1. The Commission Should Direct The Applicants To Clarify The Term Direct Damages

The Commission should direct that the Applicants clarify their definition of direct damages. The essence of the Applicants’ filing is to place a limitation on the direct damages that can be recovered absent some showing of gross negligence or intentional misconduct. Yet, nowhere in the filing do the Applicants set forth a definition of direct damages and the types of damages that can be recovered under this definition. The Commission should rectify this situation by requiring the Applicants to set forth their definition of direct damages, and the type of damages that can be recovered, so that market participants can comment on that definition and then such definition should be included in the Tariff.

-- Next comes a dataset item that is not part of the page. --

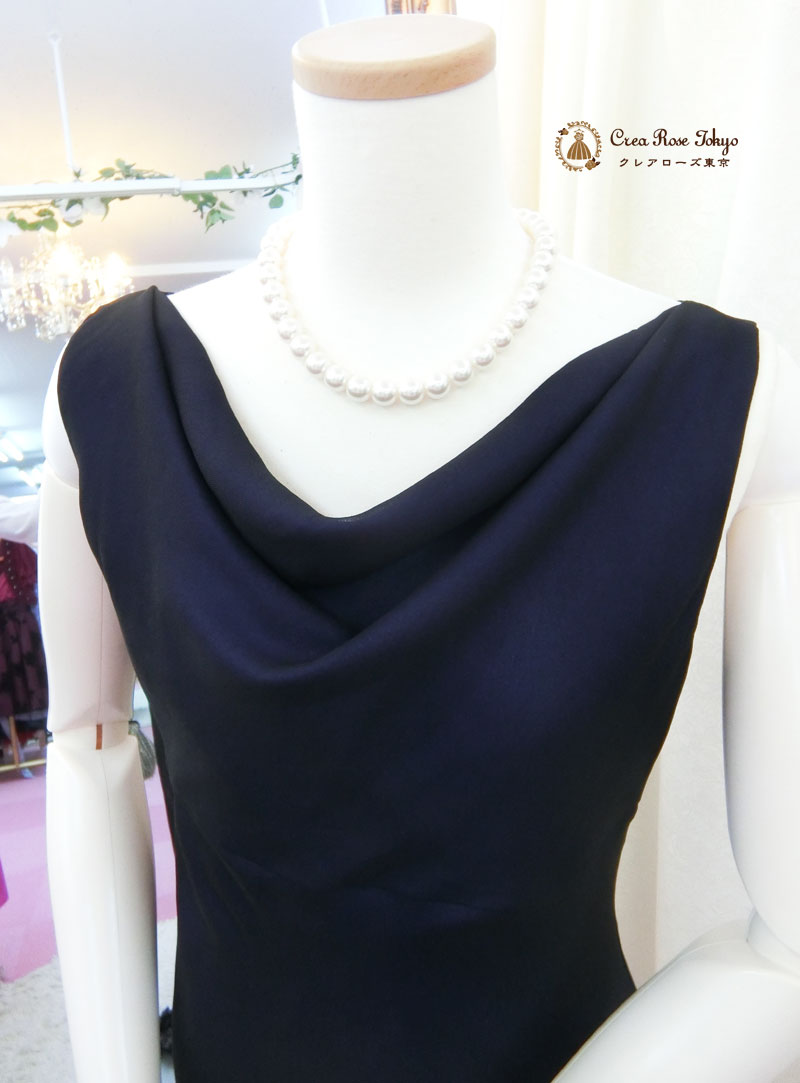 コーディネート2点セット！[イルマリドレス+シルバーロングボレロ]ネイビーのミセスドレス　７~９号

2. There Should Be No Limitation On A Generator’s Direct Damages Associated With A RTO’s Failure To Perform Under A Contract.

There should be no cap on direct damages that a generator/marketer incurs due to the Applicants’ failure to perform under the OATT. EPSA does not oppose the continuation of the broad limitations on liability resulting from an outage that existed when utilities were vertically integrated, i.e. generated and transmitted power directly to serve end-use customers. Indeed, much of the rationale in support of the broad limitations proposed herein, and the cases cited, address the classic situation where liability is limited for outages that cause damage to end-users, such as spoiled food at a restaurant after a power outage. Certainly, limitations on liability are appropriate in that situation since the restaurant can and should procure insurance or purchase backup generation to cover such a calamity and the cost to the Applicants and/or MISO TOs to procure such insurance in order to cover all potential damages for all third parties impacted by OATT services would be prohibitive.

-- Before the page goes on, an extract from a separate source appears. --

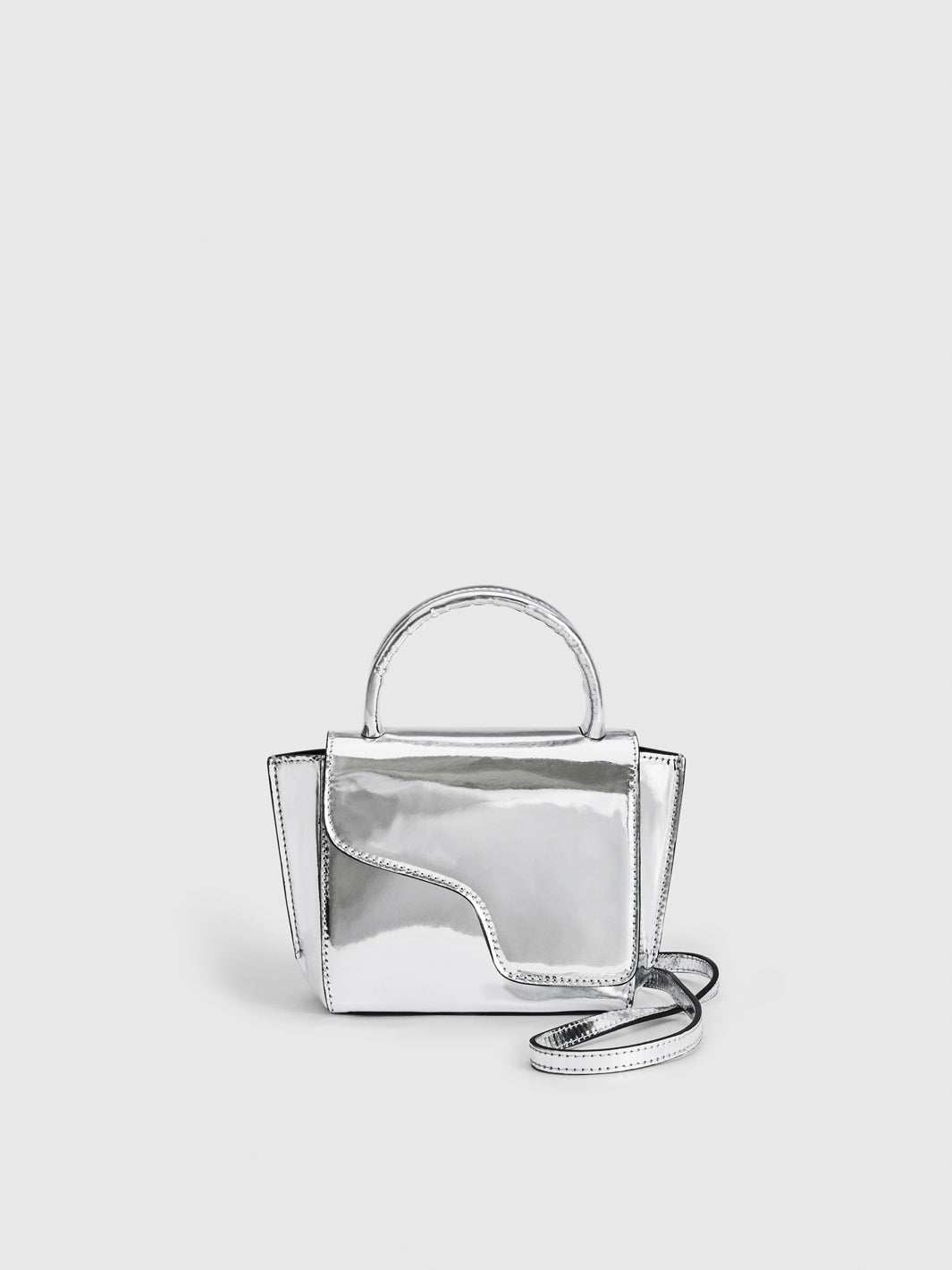 Montalcino Silver Metallic leather Mini handbag – ATP Atelier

However, that same rationale does not apply in the restructured electric industry. Now there are new parties involved in the electric business, i.e. generators and marketers, whose success depends on efficient and reliable transmission service. In the event a transmission provider fails to perform, the generator/marketer should receive the direct damages associated with that failure. For example, if an avoidable transmission outage precludes a generator from serving a customer, the Transmission Provider or Transmission Owner, whichever is responsible, should compensate the generators/marketers for the full cost of obtaining replacement power.

The evidence that generators/marketers in the Midwest ISO are not similarly situated to traditional end-use customers , for which liability is appropriately limited, can be found in the Midwest ISO’s Operating Protocols for Existing Generators. Under the Protocols, the operating authority of the Midwest ISO with regard to the operation of Generators includes having:

Authority to direct all actions as necessary to maintain safety and to prevent or manage Emergency Conditions affecting the facilities under its control including the decisions and actions taken at any satellite control centers, subject to existing environmental and operating restrictions that may limit a Generator’s ability to change its dispatch.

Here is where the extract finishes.